:: Work order ::
From the line containing "Merax Leopard Print" down to the line containing "MASSIMA design dohányzóasztal", copy out the entries below exactly, both lines included, and nothing else; pictures do not belong in the copy.

Crawled caption data:
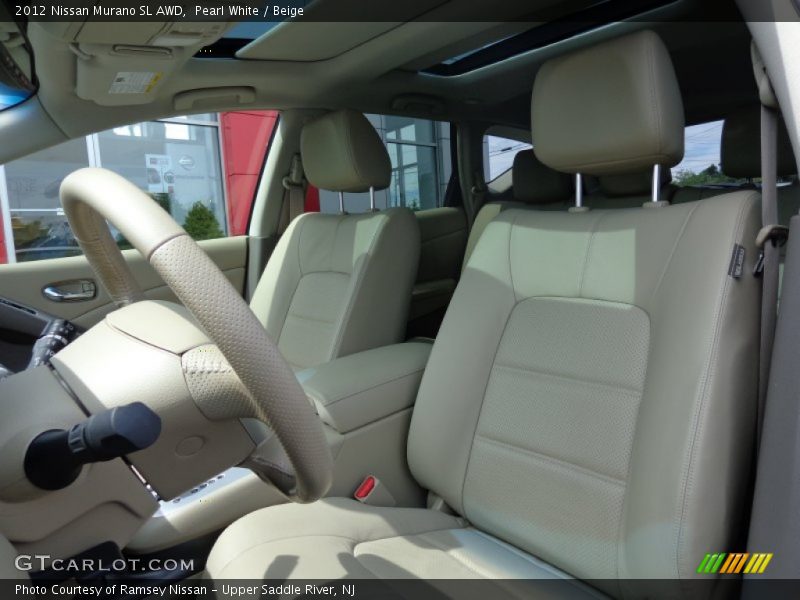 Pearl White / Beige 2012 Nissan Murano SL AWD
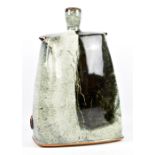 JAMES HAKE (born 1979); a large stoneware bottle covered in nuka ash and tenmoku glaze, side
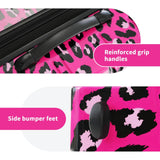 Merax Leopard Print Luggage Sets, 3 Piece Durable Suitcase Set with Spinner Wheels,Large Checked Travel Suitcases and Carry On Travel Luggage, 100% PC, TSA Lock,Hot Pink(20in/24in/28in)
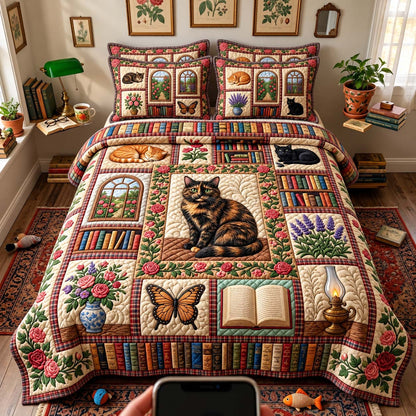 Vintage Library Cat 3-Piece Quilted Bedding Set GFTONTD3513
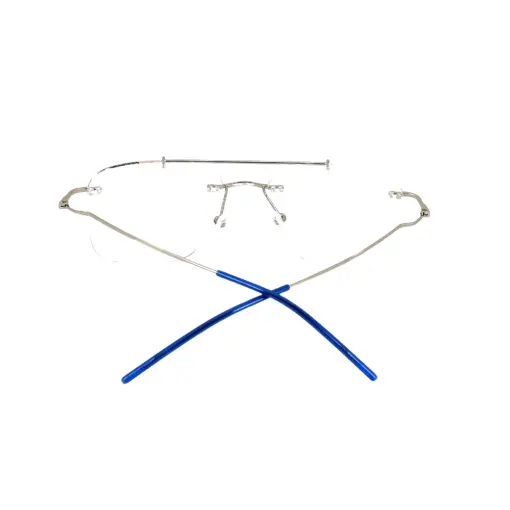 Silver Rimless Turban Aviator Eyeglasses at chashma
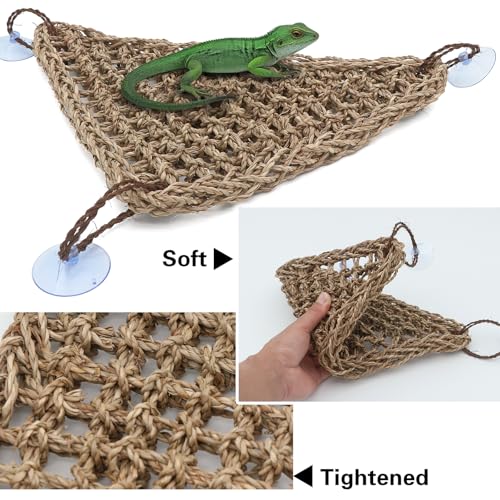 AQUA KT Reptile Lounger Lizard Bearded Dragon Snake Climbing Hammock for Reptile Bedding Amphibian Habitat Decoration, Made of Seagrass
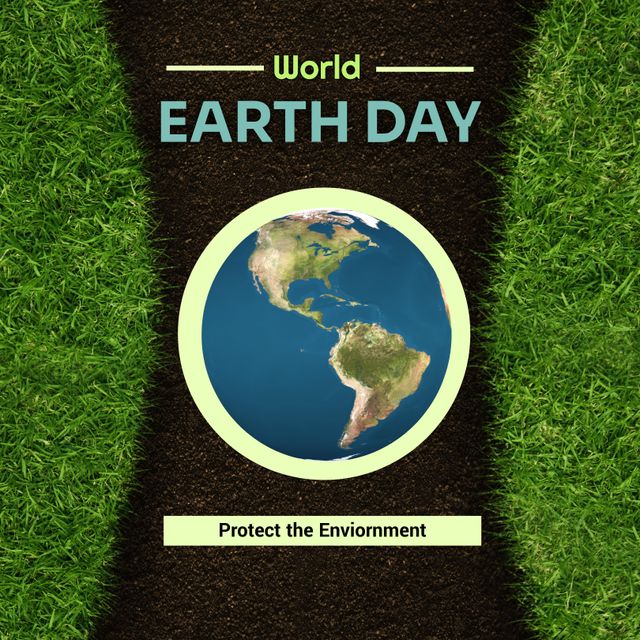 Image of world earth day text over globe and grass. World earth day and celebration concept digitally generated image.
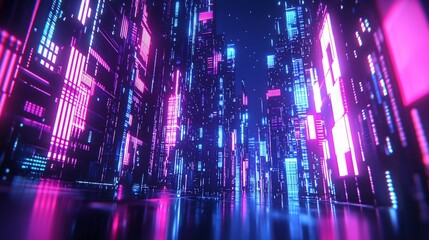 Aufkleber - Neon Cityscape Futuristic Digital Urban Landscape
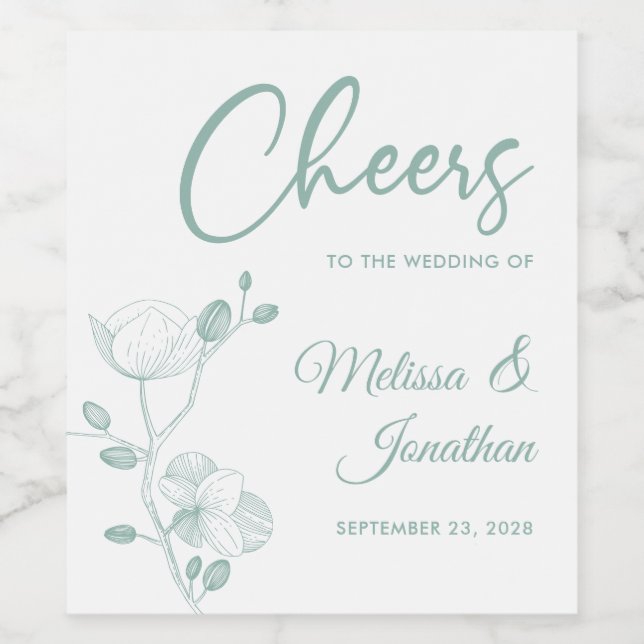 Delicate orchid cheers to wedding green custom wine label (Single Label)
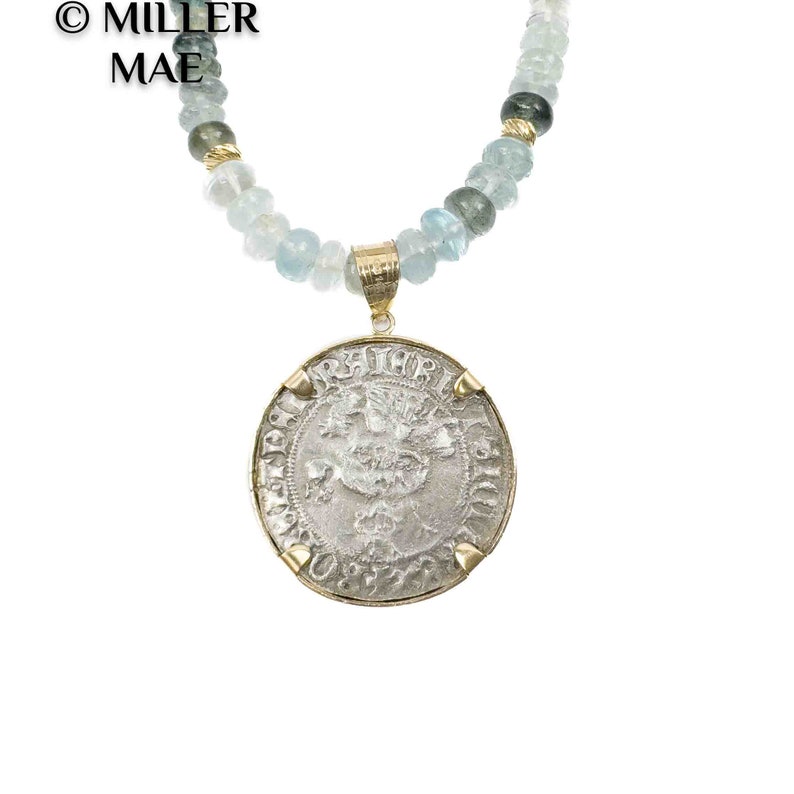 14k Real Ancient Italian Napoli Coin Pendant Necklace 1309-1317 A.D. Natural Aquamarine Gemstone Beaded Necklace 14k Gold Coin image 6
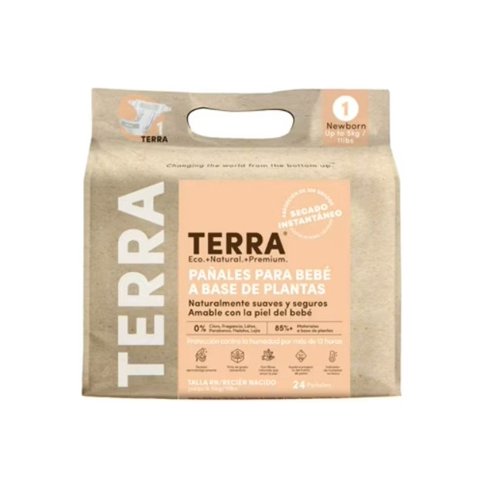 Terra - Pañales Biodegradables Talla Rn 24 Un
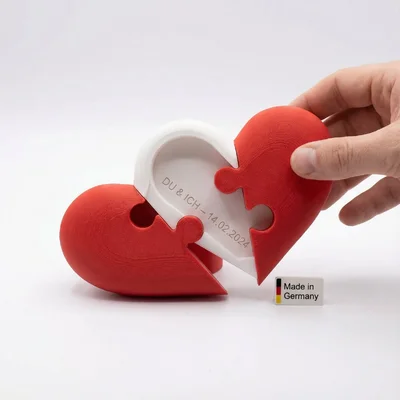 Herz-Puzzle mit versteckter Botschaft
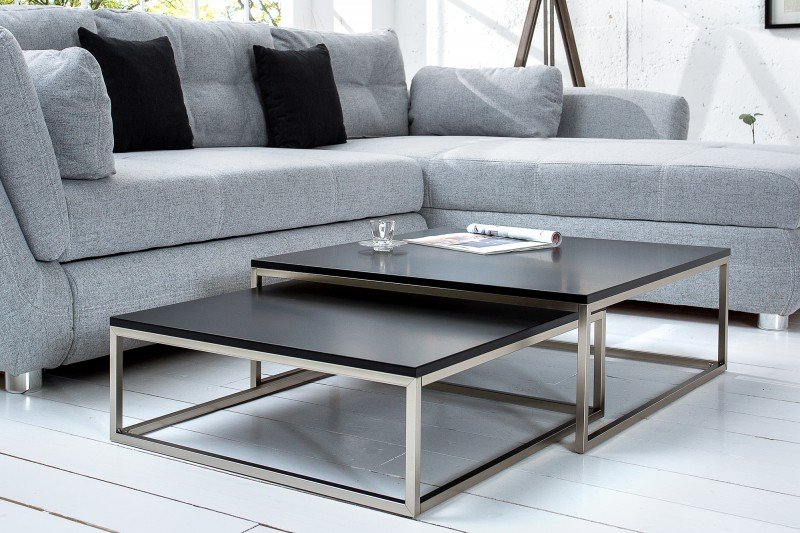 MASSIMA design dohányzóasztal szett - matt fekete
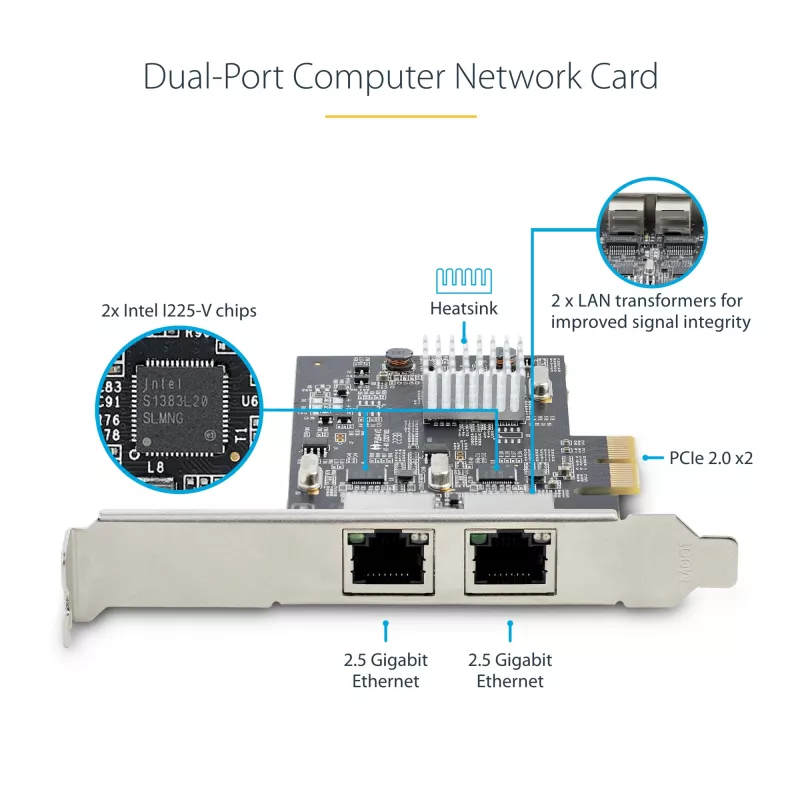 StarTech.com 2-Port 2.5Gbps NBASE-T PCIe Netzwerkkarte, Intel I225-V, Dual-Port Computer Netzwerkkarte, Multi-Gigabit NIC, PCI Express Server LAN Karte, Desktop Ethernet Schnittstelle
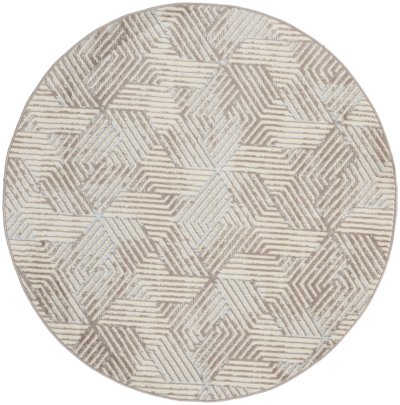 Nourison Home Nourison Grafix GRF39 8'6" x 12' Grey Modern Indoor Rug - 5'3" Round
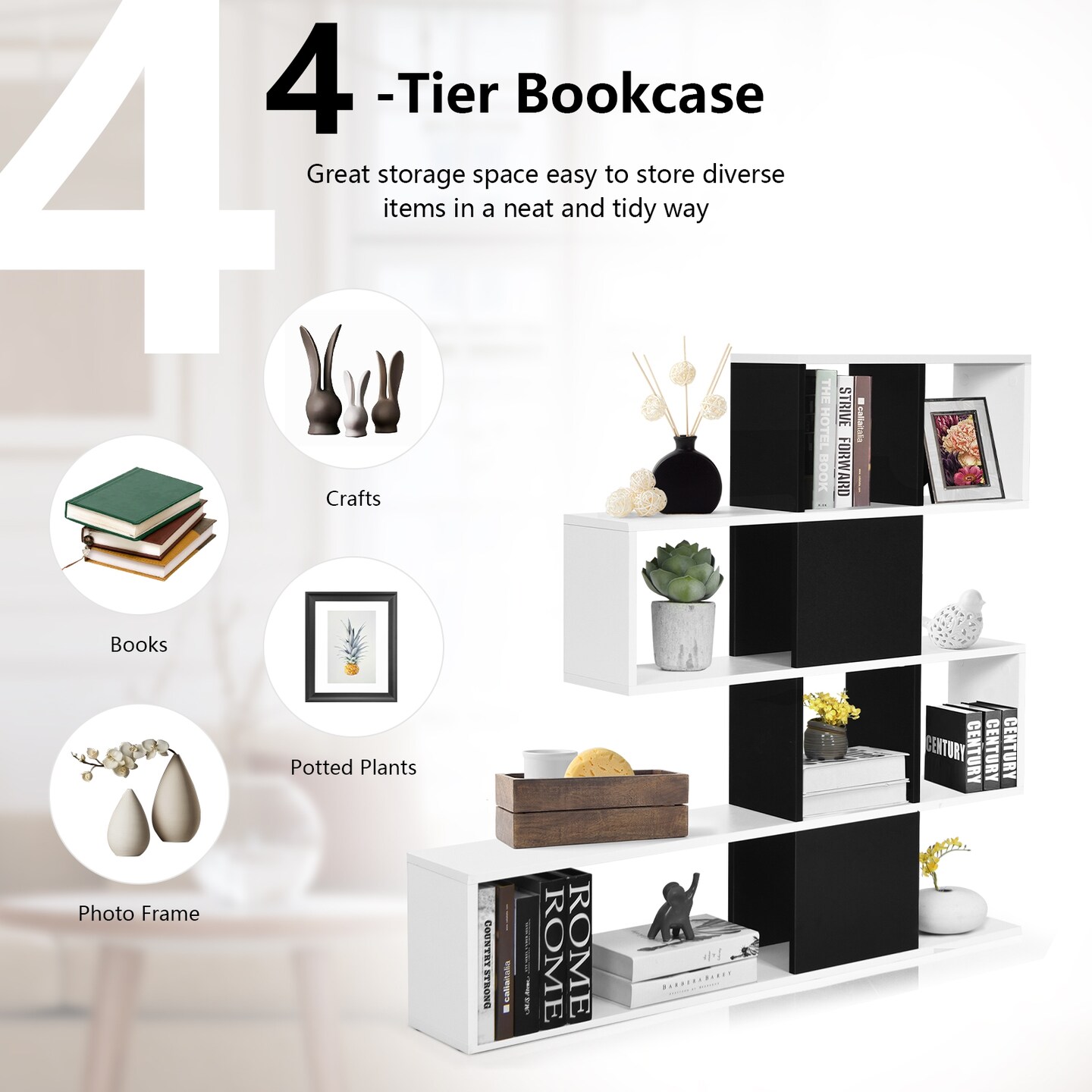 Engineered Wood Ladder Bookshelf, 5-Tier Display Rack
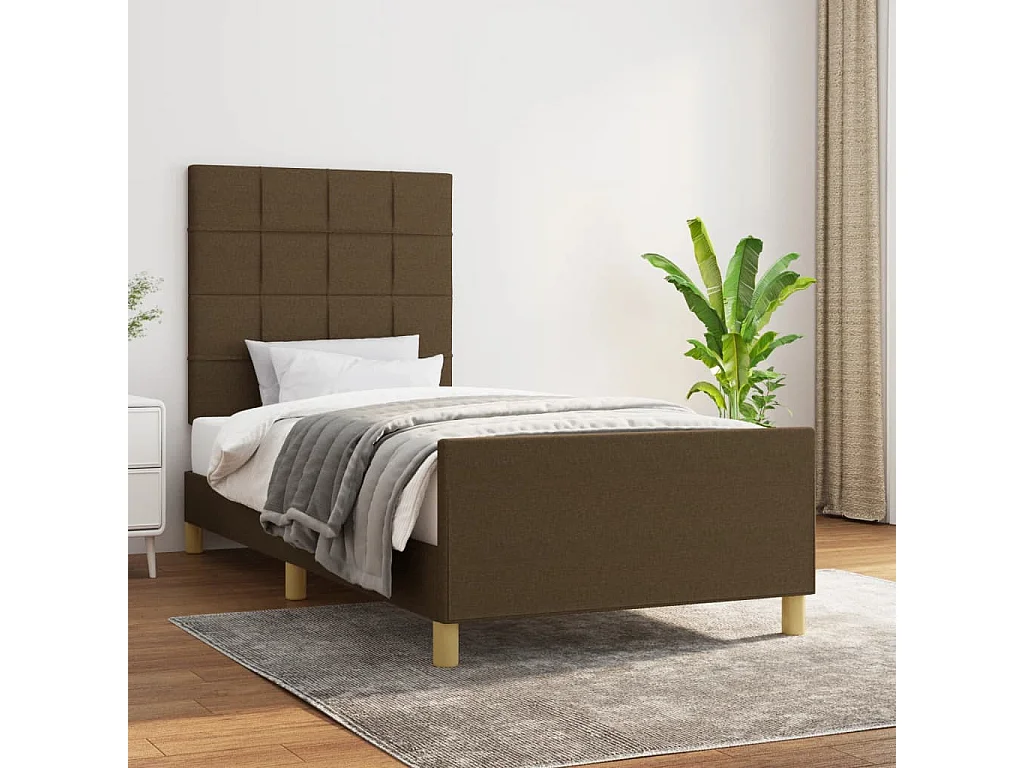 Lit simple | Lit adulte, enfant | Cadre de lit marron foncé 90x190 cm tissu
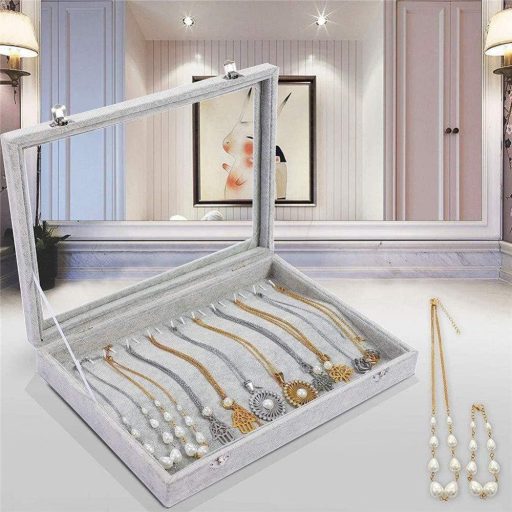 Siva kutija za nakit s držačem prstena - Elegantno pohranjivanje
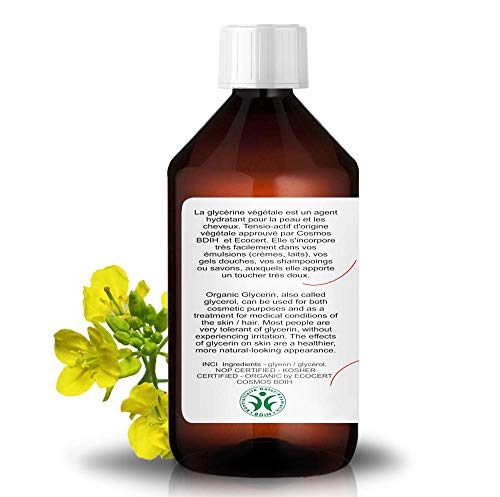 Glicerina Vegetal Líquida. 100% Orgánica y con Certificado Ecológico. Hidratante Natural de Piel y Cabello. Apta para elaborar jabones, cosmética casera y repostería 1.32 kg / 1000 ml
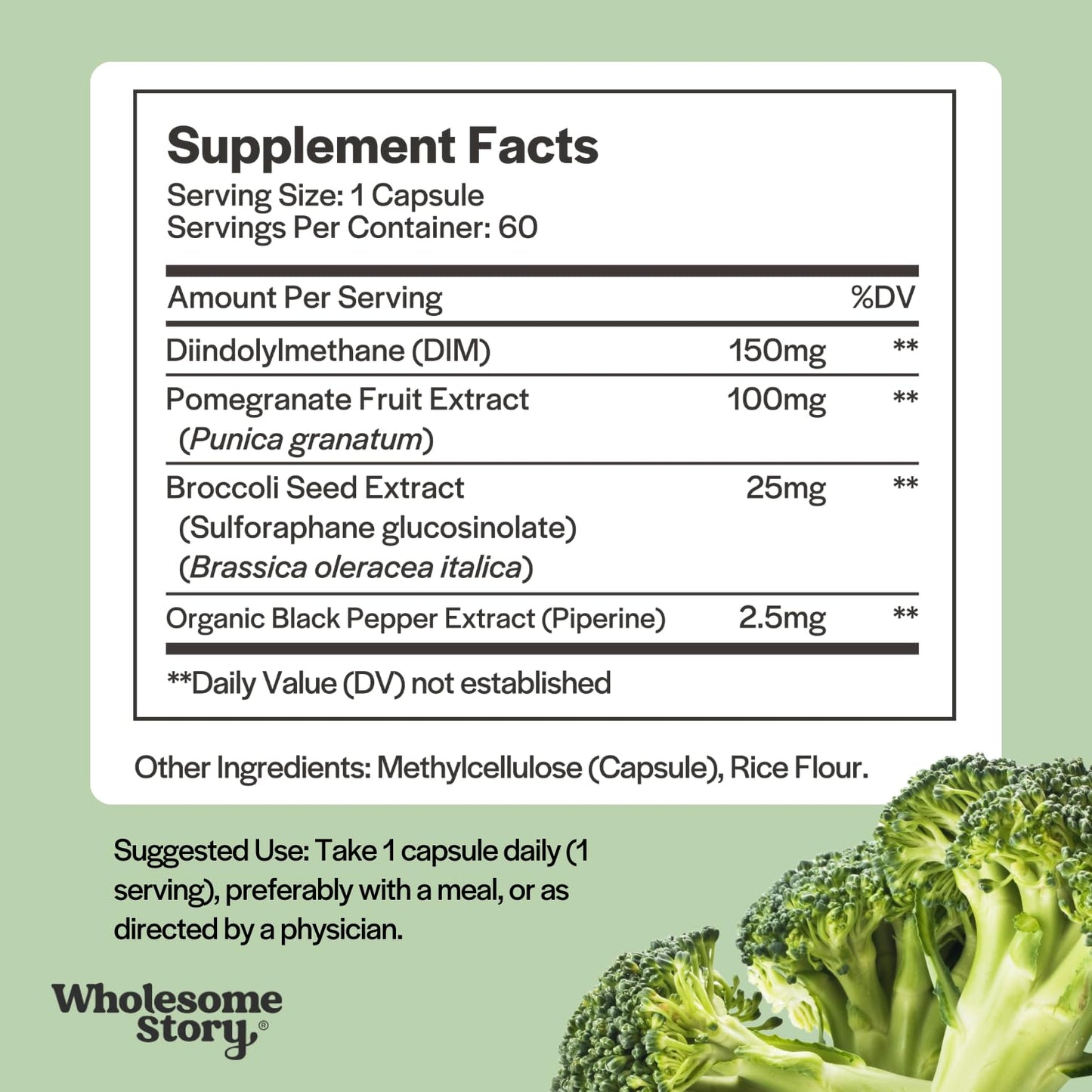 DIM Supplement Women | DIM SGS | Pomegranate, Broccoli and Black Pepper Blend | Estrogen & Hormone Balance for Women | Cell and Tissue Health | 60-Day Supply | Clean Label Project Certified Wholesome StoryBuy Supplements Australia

:: Response area ::
 Merax Leopard Print Luggage Sets, 3 Piece Durable Suitcase Set with Spinner Wheels,Large Checked Travel Suitcases and Carry On Travel Luggage, 100% PC, TSA Lock,Hot Pink(20in/24in/28in)
 Vintage Library Cat 3-Piece Quilted Bedding Set GFTONTD3513
 Silver Rimless Turban Aviator Eyeglasses at chashma
 AQUA KT Reptile Lounger Lizard Bearded Dragon Snake Climbing Hammock for Reptile Bedding Amphibian Habitat Decoration, Made of Seagrass
 Image of world earth day text over globe and grass. World earth day and celebration concept digitally generated image.
 Aufkleber - Neon Cityscape Futuristic Digital Urban Landscape
 Delicate orchid cheers to wedding green custom wine label (Single Label)
 14k Real Ancient Italian Napoli Coin Pendant Necklace 1309-1317 A.D. Natural Aquamarine Gemstone Beaded Necklace 14k Gold Coin image 6
 Terra - Pañales Biodegradables Talla Rn 24 Un
 Herz-Puzzle mit versteckter Botschaft
 MASSIMA design dohányzóasztal szett - matt fekete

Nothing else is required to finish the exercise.